• _EXERCISE INSTRUCTIONS_
Without the images, write out all of the following entries exactly.

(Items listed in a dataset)

· · · ·

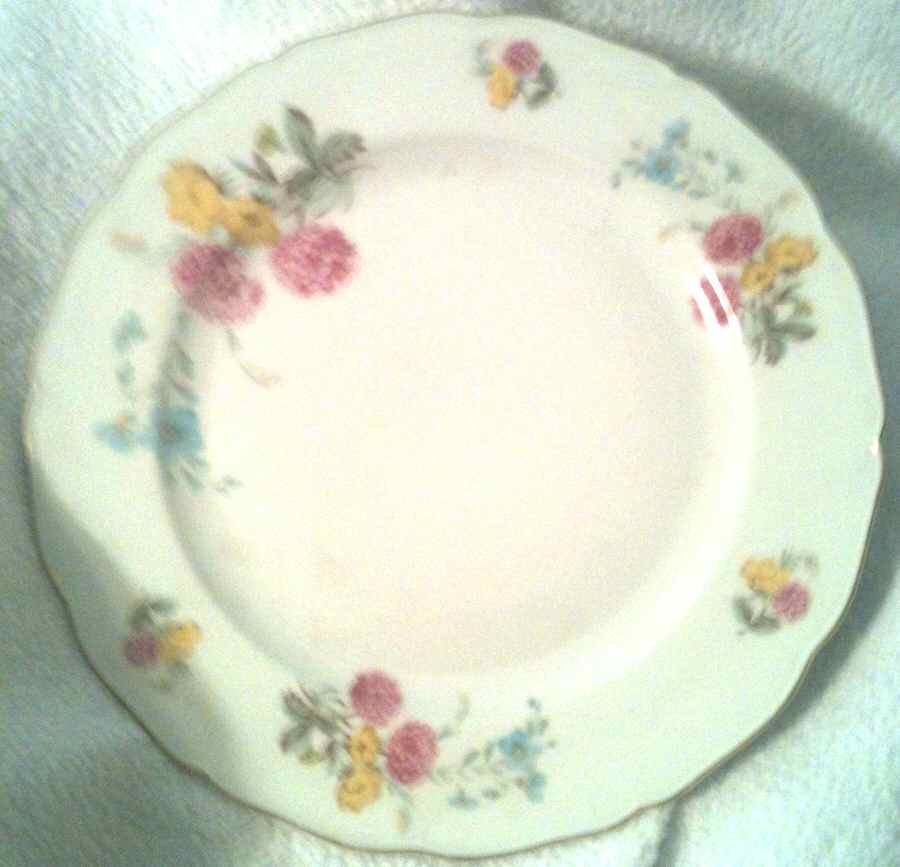 SLT422 Dinner Plate by Seltmann-1
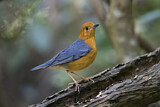 Image. Orange-headed Thrush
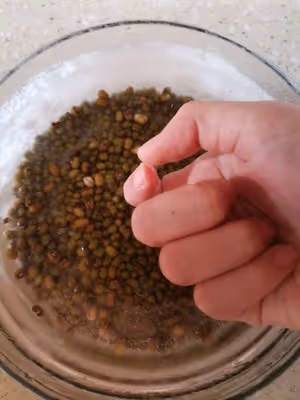 [解暑解辣必備]牛乳綠豆沙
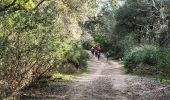 Trail Walking Pignans - ND des Anges-Pignans-17-03-23 - Photo 2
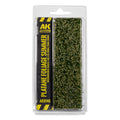 Platane Foliage Summer Tuft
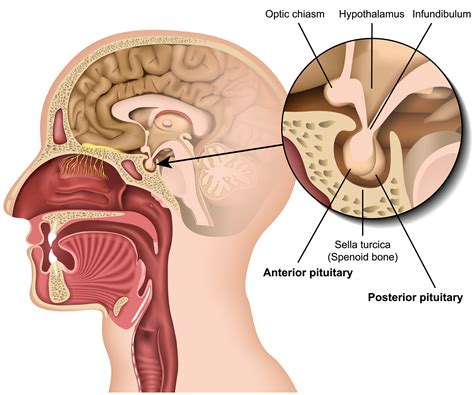 M02 Neuroanatomy: MD02.01.06 The pituitary gland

· · · ·

• _ANSWER TO THE EXERCISE_
 SLT422 Dinner Plate by Seltmann-1
 Image. Orange-headed Thrush
 [解暑解辣必備]牛乳綠豆沙
 Trail Walking Pignans - ND des Anges-Pignans-17-03-23 - Photo 2
 Platane Foliage Summer Tuft
 M02 Neuroanatomy: MD02.01.06 The pituitary gland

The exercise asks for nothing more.